Negli ultimi anni, una nuova parola ha invaso i forum di salute, i palchi dei TED Talk e i profili social degli imprenditori della Silicon Valley: biohacking. Se un tempo la cura del sé era legata a precetti morali o religiosi, oggi la ricerca del benessere sembra aver assunto i tratti di una “liturgia tecnologica”. L’obiettivo non è più solo stare bene, ma raggiungere l’ottimizzazione totale del corpo e della mente, trattando l’organismo umano come un software da aggiornare costantemente.
Il termine biohacking nasce in contesti radicali, indicando pratiche di “biologia fai-da-te” come l’inserimento di microchip sottocutanei per potenziare i sensi. Tuttavia, come spiega Timothy Caulfield, esperto di Scienze della salute all’Università di Alberta, il concetto si è oggi esteso fino a includere una vastissima gamma di tecniche: dalle saune a infrarossi ai bagni di ghiaccio, fino all’uso di integratori e sensori per il monitoraggio glicemico costante. L’idea di fondo è semplice: raccogliere dati biometrici (tramite smartwatch e anelli smart) per “hackerare” i propri ritmi biologici e aumentare produttività e longevità.
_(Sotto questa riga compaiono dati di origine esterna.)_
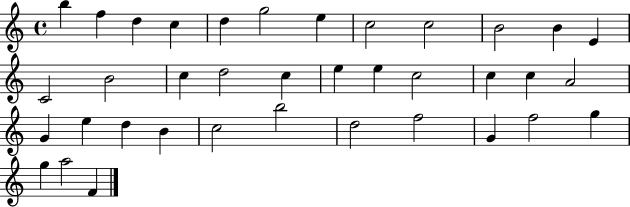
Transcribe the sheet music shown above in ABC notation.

X:1
T:Untitled
M:4/4
L:1/4
K:C
b f d c d g2 e c2 c2 B2 B E C2 B2 c d2 c e e c2 c c A2 G e d B c2 b2 d2 f2 G f2 g g a2 F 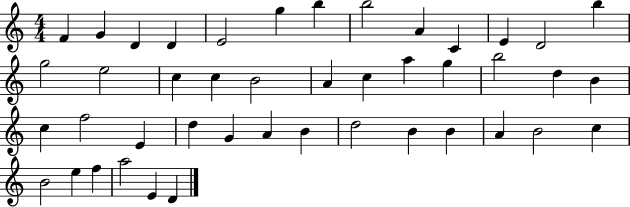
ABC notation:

X:1
T:Untitled
M:4/4
L:1/4
K:C
F G D D E2 g b b2 A C E D2 b g2 e2 c c B2 A c a g b2 d B c f2 E d G A B d2 B B A B2 c B2 e f a2 E D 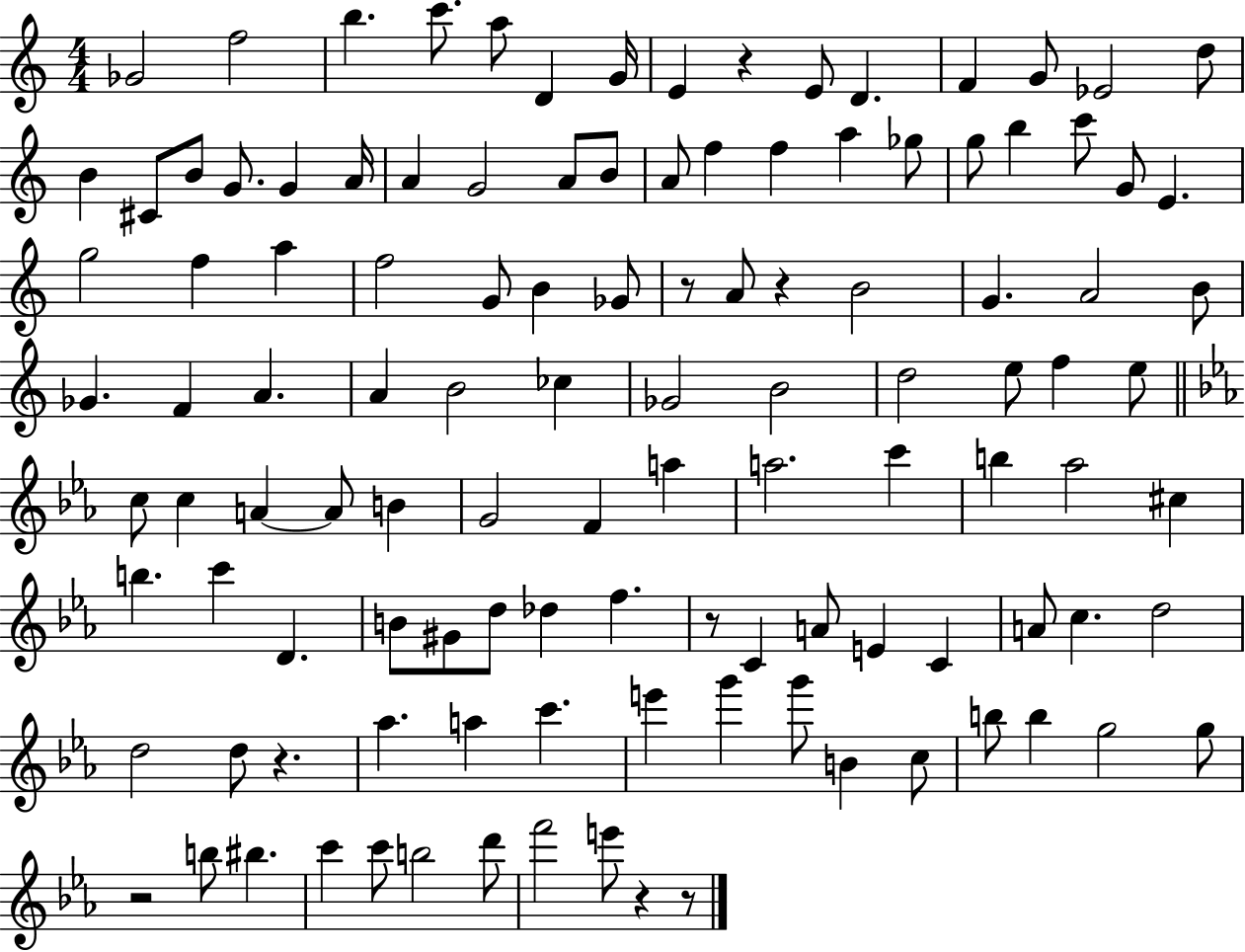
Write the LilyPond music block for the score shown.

{
  \clef treble
  \numericTimeSignature
  \time 4/4
  \key c \major
  ges'2 f''2 | b''4. c'''8. a''8 d'4 g'16 | e'4 r4 e'8 d'4. | f'4 g'8 ees'2 d''8 | \break b'4 cis'8 b'8 g'8. g'4 a'16 | a'4 g'2 a'8 b'8 | a'8 f''4 f''4 a''4 ges''8 | g''8 b''4 c'''8 g'8 e'4. | \break g''2 f''4 a''4 | f''2 g'8 b'4 ges'8 | r8 a'8 r4 b'2 | g'4. a'2 b'8 | \break ges'4. f'4 a'4. | a'4 b'2 ces''4 | ges'2 b'2 | d''2 e''8 f''4 e''8 | \break \bar "||" \break \key c \minor c''8 c''4 a'4~~ a'8 b'4 | g'2 f'4 a''4 | a''2. c'''4 | b''4 aes''2 cis''4 | \break b''4. c'''4 d'4. | b'8 gis'8 d''8 des''4 f''4. | r8 c'4 a'8 e'4 c'4 | a'8 c''4. d''2 | \break d''2 d''8 r4. | aes''4. a''4 c'''4. | e'''4 g'''4 g'''8 b'4 c''8 | b''8 b''4 g''2 g''8 | \break r2 b''8 bis''4. | c'''4 c'''8 b''2 d'''8 | f'''2 e'''8 r4 r8 | \bar "|."
} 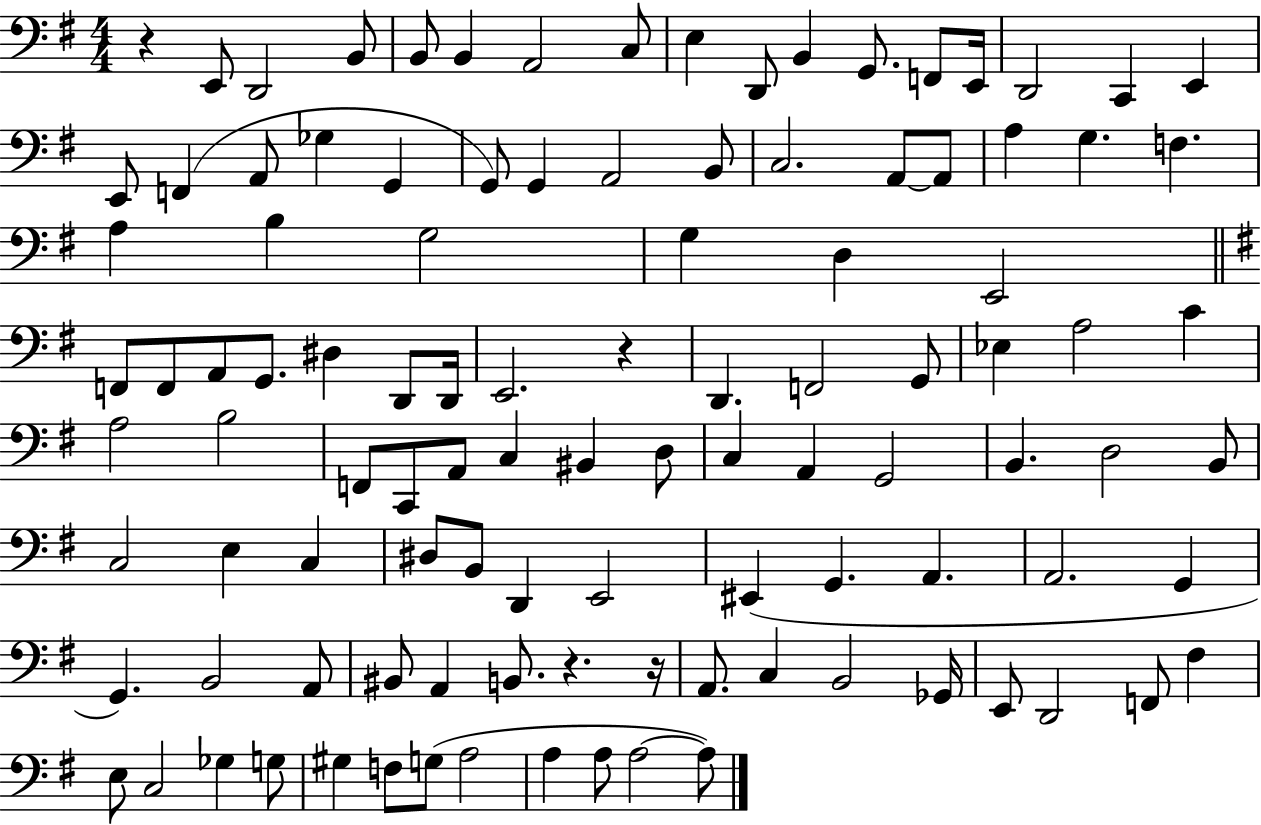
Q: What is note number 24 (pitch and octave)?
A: A2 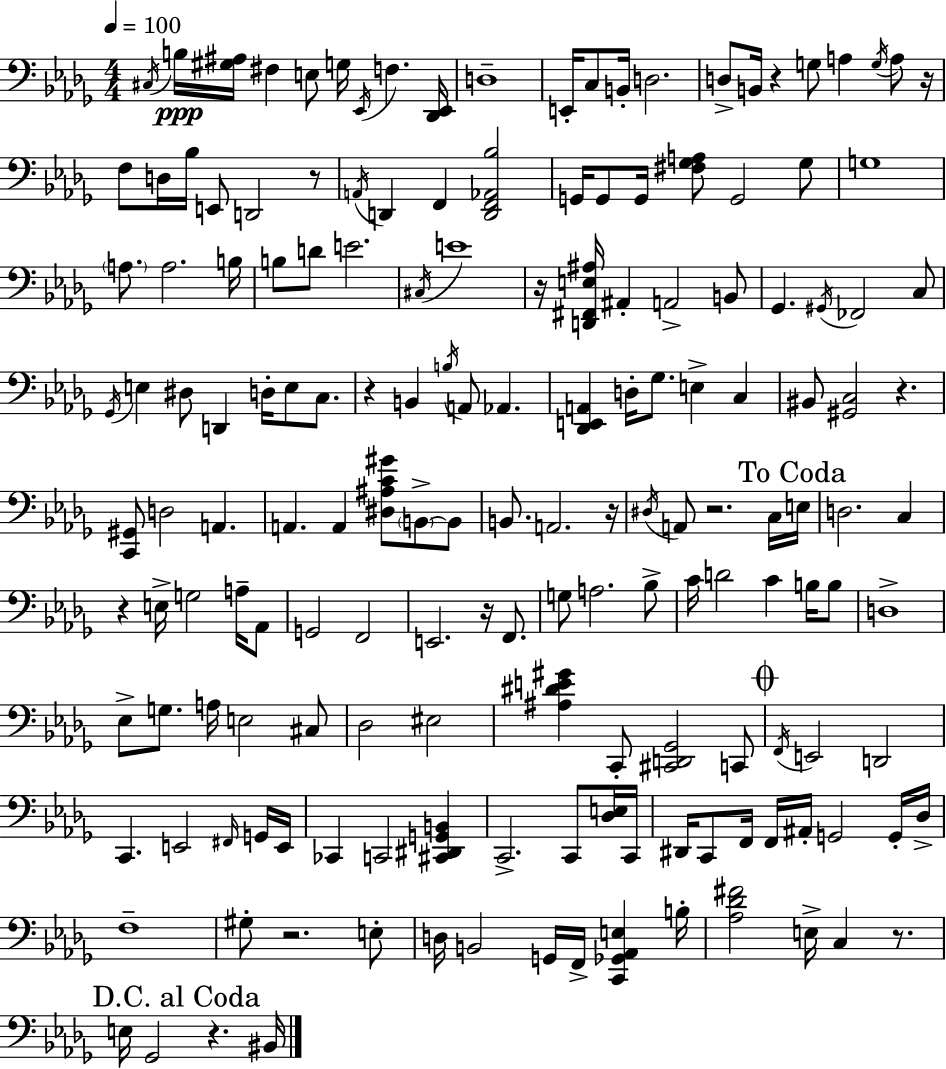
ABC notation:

X:1
T:Untitled
M:4/4
L:1/4
K:Bbm
^C,/4 B,/4 [^G,^A,]/4 ^F, E,/2 G,/4 _E,,/4 F, [_D,,_E,,]/4 D,4 E,,/4 C,/2 B,,/4 D,2 D,/2 B,,/4 z G,/2 A, G,/4 A,/2 z/4 F,/2 D,/4 _B,/4 E,,/2 D,,2 z/2 A,,/4 D,, F,, [D,,F,,_A,,_B,]2 G,,/4 G,,/2 G,,/4 [^F,_G,A,]/2 G,,2 _G,/2 G,4 A,/2 A,2 B,/4 B,/2 D/2 E2 ^C,/4 E4 z/4 [D,,^F,,E,^A,]/4 ^A,, A,,2 B,,/2 _G,, ^G,,/4 _F,,2 C,/2 _G,,/4 E, ^D,/2 D,, D,/4 E,/2 C,/2 z B,, B,/4 A,,/2 _A,, [_D,,E,,A,,] D,/4 _G,/2 E, C, ^B,,/2 [^G,,C,]2 z [C,,^G,,]/2 D,2 A,, A,, A,, [^D,^A,C^G]/2 B,,/2 B,,/2 B,,/2 A,,2 z/4 ^D,/4 A,,/2 z2 C,/4 E,/4 D,2 C, z E,/4 G,2 A,/4 _A,,/2 G,,2 F,,2 E,,2 z/4 F,,/2 G,/2 A,2 _B,/2 C/4 D2 C B,/4 B,/2 D,4 _E,/2 G,/2 A,/4 E,2 ^C,/2 _D,2 ^E,2 [^A,^DE^G] C,,/2 [^C,,D,,_G,,]2 C,,/2 F,,/4 E,,2 D,,2 C,, E,,2 ^F,,/4 G,,/4 E,,/4 _C,, C,,2 [^C,,^D,,G,,B,,] C,,2 C,,/2 [_D,E,]/4 C,,/4 ^D,,/4 C,,/2 F,,/4 F,,/4 ^A,,/4 G,,2 G,,/4 _D,/4 F,4 ^G,/2 z2 E,/2 D,/4 B,,2 G,,/4 F,,/4 [C,,_G,,_A,,E,] B,/4 [_A,_D^F]2 E,/4 C, z/2 E,/4 _G,,2 z ^B,,/4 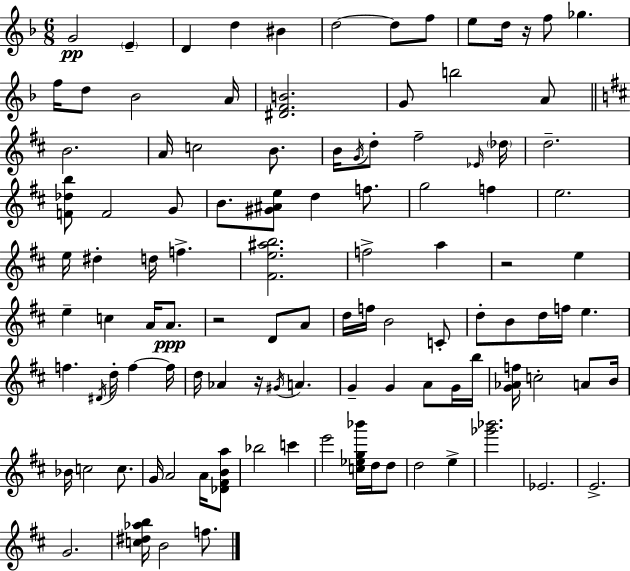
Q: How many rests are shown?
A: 4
Se da un lato la tecnologia permette diagnosi precoci, dall’altro può generare una pericolosa dipendenza. Uno studio del Journal of the American Heart Association ha rivelato che l’uso costante di dispositivi indossabili può alimentare ipervigilanza e ansia intensa in un paziente su cinque.
Molti esperti sottolineano come il confine tra utilità e ossessione sia sottile: il dato ha valore solo se inserito in un percorso clinico significativo. Senza una guida medica, la misurazione ossessiva di ogni parametro vitale rischia di diventare una “mania” che danneggia la salute mentale invece di proteggere quella fisica.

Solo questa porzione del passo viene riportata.